On punishing myself as a parent

“You should never leave someone alone if they don’t want to be alone!” my six year old appealed to me. Laurence had been gone for a couple of days. The twenty month old was doing early mornings with the change of seasons and I was running on a deficit of sleep.

After a particularly tiring day where every transition had been a struggle for my four year old, I just felt done.

Now she wasn’t ready to get out of the bath and all I wanted to do was put the baby to sleep so I could sleep. So, feeling at the end of all my patience and creativity, I shouted at her and left the room for longer than I should.

Actually, I knew what I needed to do. I could see even in the moment that I needed to find a way to reconnect with her to help her regulate her upset, climb out of her primal brain and listen to my reasoning.

But I just didn’t want to. I didn’t want to be responsible, to do the work of remaining calm and reflecting instead of reacting. I just wanted her to listen to me right now so everyone could go to sleep and I could clean the kitchen, watch Netflix and go to sleep myself. So I effectively threw a tantrum and removed the only grown up from the interaction. Then physically stormed out of the room.

Talitha sat beside the bath, comforting Ophelia, quite upset herself when I returned. Somehow, we managed to get everyone to bed, with Ophelia sleeping in with Delilah and me.
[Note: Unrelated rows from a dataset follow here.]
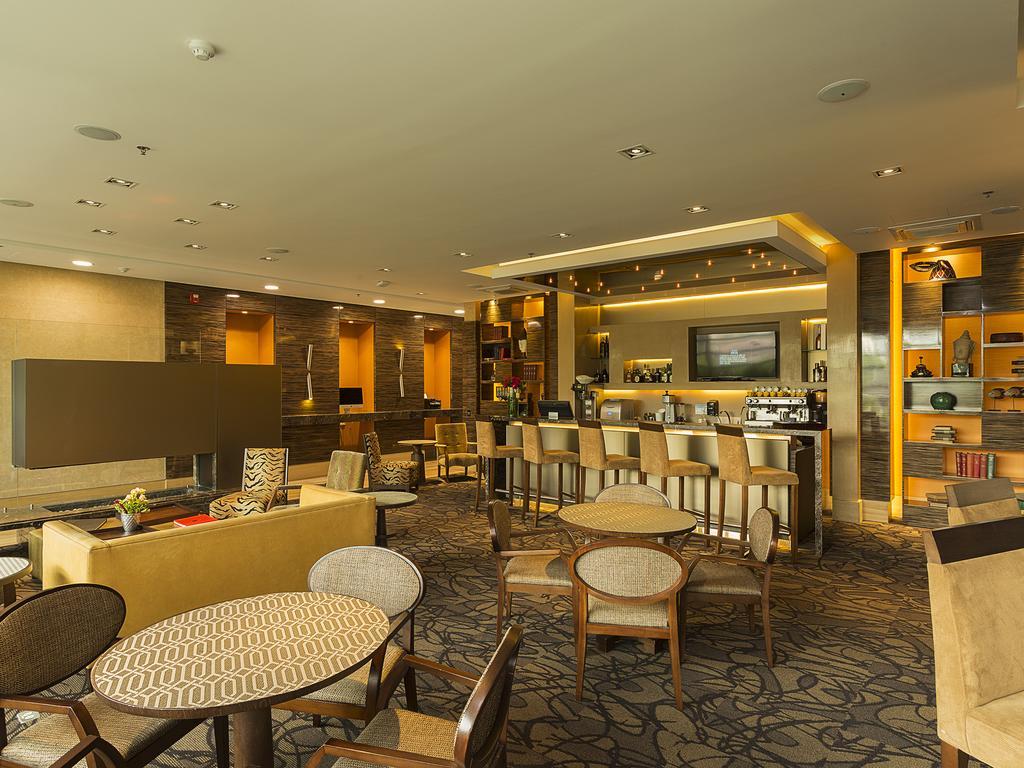 בוגוטה Ek Hotel By Preferred Hotels Group מראה חיצוני תמונה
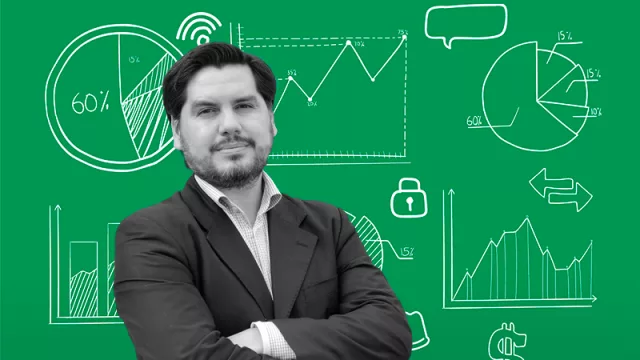 Economista dice que FMI percibe esfuerzo de Paraguay para mitigar cambio climático (organismo celebra política macro)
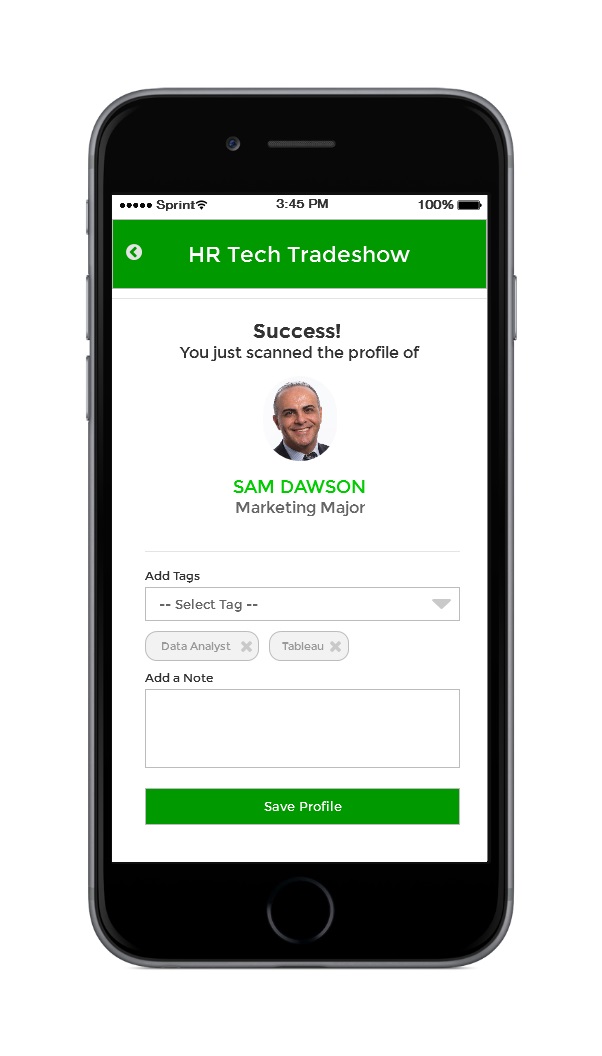 3 Best Tech Tools to Introduce at Your Next Job Fair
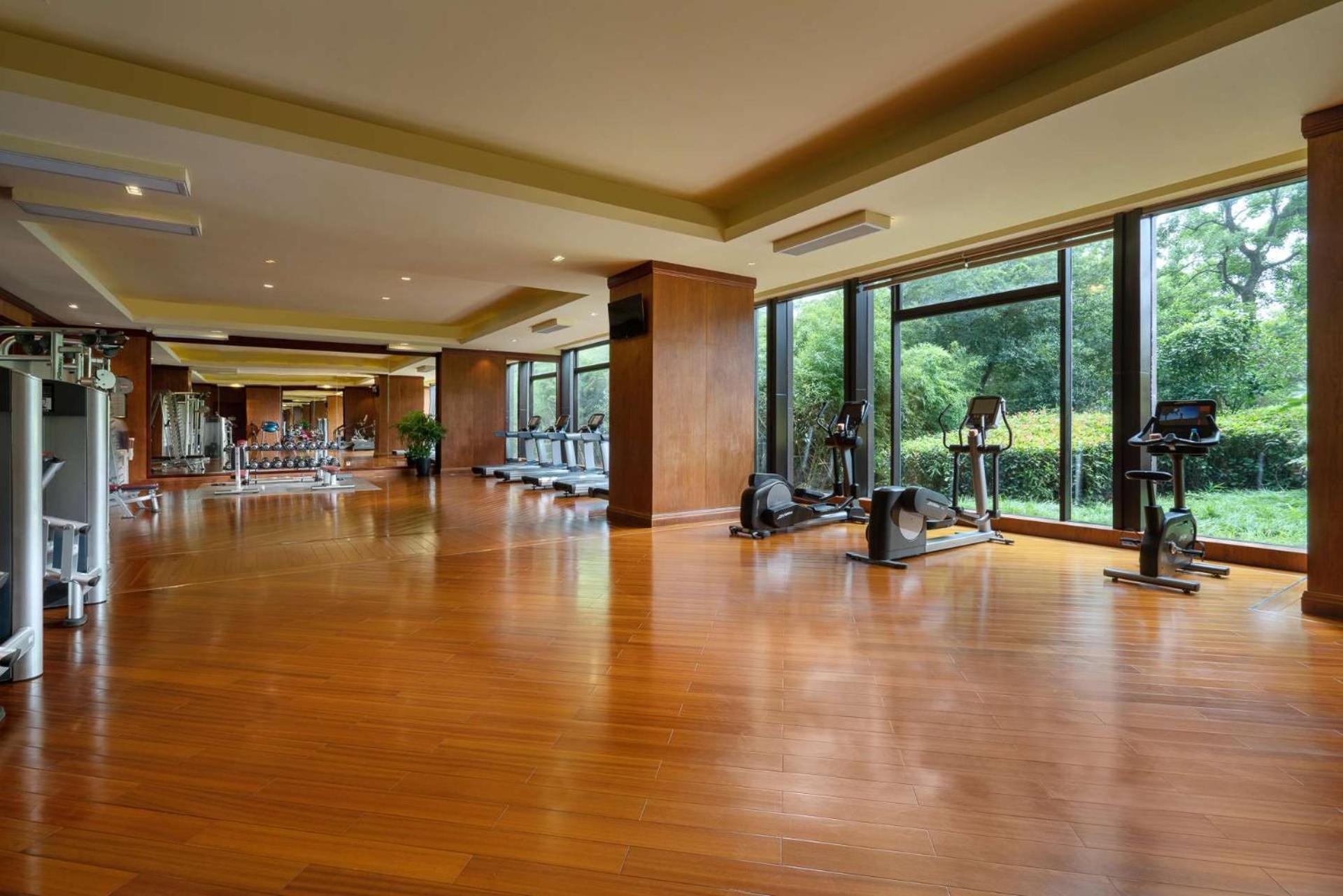 Kempinski Hotel Suzhou Szucsou Kültér fotó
And I’d love to say that all’s well that ends well, except that the stress I’d generated in that experience carried on playing out long after they’d all gone to sleep.

By the time Laurence got home late that night, I was in full on defeatist mode. I’d moved from feeling upset about our evening together to picking apart all of my relationships. He reminded me that when he’d checked in with me earlier in the evening I’d said we’d had a really good day. But I was too tired to detach from how we’d ended it. How I’d ended it.

Another restless night, another early start but I woke up feeling a lot calmer, with perspective somewhat restored. I realised I had a couple of options. I could say, “I messed up. I’m going to keep messing up. What’s the point?” And I could extend this to imagining myself an imposter, walking around with this epic disparity between what I know and what I do.

Alternatively, I could treat myself kindly and speak to myself as I would a friend who’d lived through the battering of the night before. I could empathise with myself that it was a hard situation, that I was tired, on my own and that I’m only human.

The first approach would effectively involve me beating myself up. I might even justify by subconsciously reinforcing that if I made myself feel badly enough about my behaviour, I wouldn’t repeat it. I’d been trying to modify my behaviour by punishing myself, without even realising that that’s what I was doing. But punishment is ineffective.

It’s just not possible for me to maintain my calm if I don’t feel good about myself. I will inevitably register normal, everyday experiences with my family as emergencies if my inner world is characterised by scarcity because I’ll have nothing left to give. How can things change if I’m constantly telling myself that I am wretched and that things will never change?

On the other hand, if I can connect with myself, through empathy, remembering all the beautiful things I do, I can see that I have a huge capacity to give and receive love. I can see that I am always capable of learning new things, of growing and evolving.

For me this involves prayer, putting my hand in the hand of an eternal Parent. I also have to put myself in situations where I can open up to safe people to share and listen deeply so that I can experience and practise empathy. I read and listen to people who promote kindness and respect. I apologise to my children and make myself accountable to them.

And I choose to forgive myself. I keep forgiving myself because a bad moment, a bad evening, week or even season doesn’t define me.